En l'espèce, il se justifiait de majorer quelque peu ce montant et de l'arrondir à 4'000 fr., afin de tenir compte du travail supplémentaire causé par le renvoi de la cause en première instance. Le montant des dépens fixés dans le premier jugement (avant le renvoi de l'affaire au Tribunal par la Cour) n'est par ailleurs pas déterminant, dans la mesure où il a été annulé et où, en tout état, il ne prend pas en considération le travail de défense fourni après le renvoi de la cause en première instance.

Le grief de l'appelante sera donc rejeté et le jugement querellé intégralement confirmé sur ce point.

5.3 Les frais judiciaires d'appel, arrêtés à 1'800 fr. (art. 17 et 35 RTFMC), seront mis à la charge de l'appelante, qui succombe (art. 106 al. 1 CPC), et entièrement compensés avec l'avance effectuée, laquelle reste acquise à l'Etat de Genève.

L'appelante sera, en outre, condamnée aux dépens d'appel de l'intimé, arrêtés à 2'000 fr., TVA et débours compris, au regard notamment de l'importance de la cause et de l'activité déployée par le conseil de l'intéressé (art. 84, 85 et 90 RTFMC; art. 20, 25 et 26 al. 1 LaCC).

* * * * *


PAR CES MOTIFS,
La Chambre civile :

A la forme et au fond :

Rejette, dans la mesure de sa recevabilité, l'appel interjeté par A______ contre le jugement JTPI/2595/2022 rendu le 28 février 2022 par le Tribunal de première instance dans la cause C/25602/2019.

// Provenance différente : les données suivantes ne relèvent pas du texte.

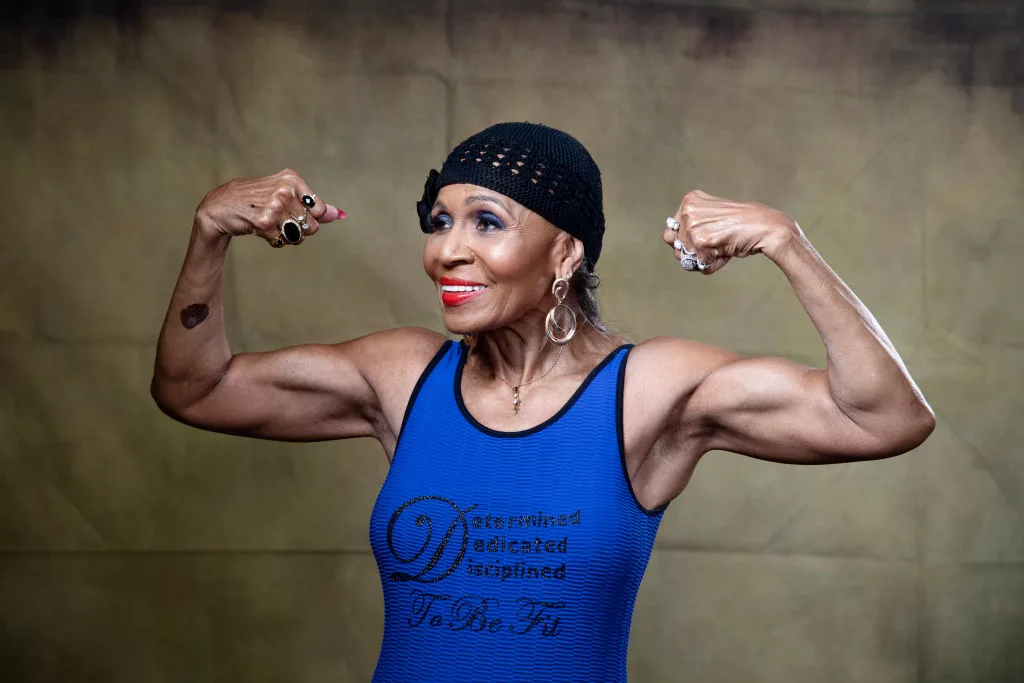 BALTIMORE, MD APRIL 16: Fitness phenomenon Mrs. Ernestine Shepherd, 82, photographed in her home in Baltimore, Maryland on April 16, 2019. (Photo by Marvin Joseph/The Washington Post via Getty Images)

Déboute les parties de toutes autres conclusions.

Sur les frais :

Arrête les frais de la procédure à 1'800 fr., les met à la charge de A______ et les compense avec l'avance effectuée, laquelle reste acquise à l'Etat de Genève.

Condamne A______ à payer 2'000 fr. à C______ à titre de dépens d'appel.

Siégeant :

Madame Jocelyne DEVILLE-CHAVANNE, présidente; Madame Verena PEDRAZZINI RIZZI, Madame Nathalie LANDRY-BARTHE, juges; Madame Jessica ATHMOUNI, greffière.

 

 

 

 

 

 

 

 

 

 

 

Indication des voies de recours :

 

Conformément aux art. 113 ss de la loi fédérale sur le Tribunal fédéral du 17 juin 2005 (LTF; RS 173.110), le présent arrêt peut être porté dans les trente jours qui suivent sa notification avec expédition complète (art 100 al. 1 LTF) par-devant le Tribunal fédéral par la voie du recours constitutionnel subsidiaire.

 

Le recours doit être adressé au Tribunal fédéral, 1000 Lausanne 14.

 

Valeur litigieuse des conclusions pécuniaires au sens de la LTF inférieure à 30'000 fr.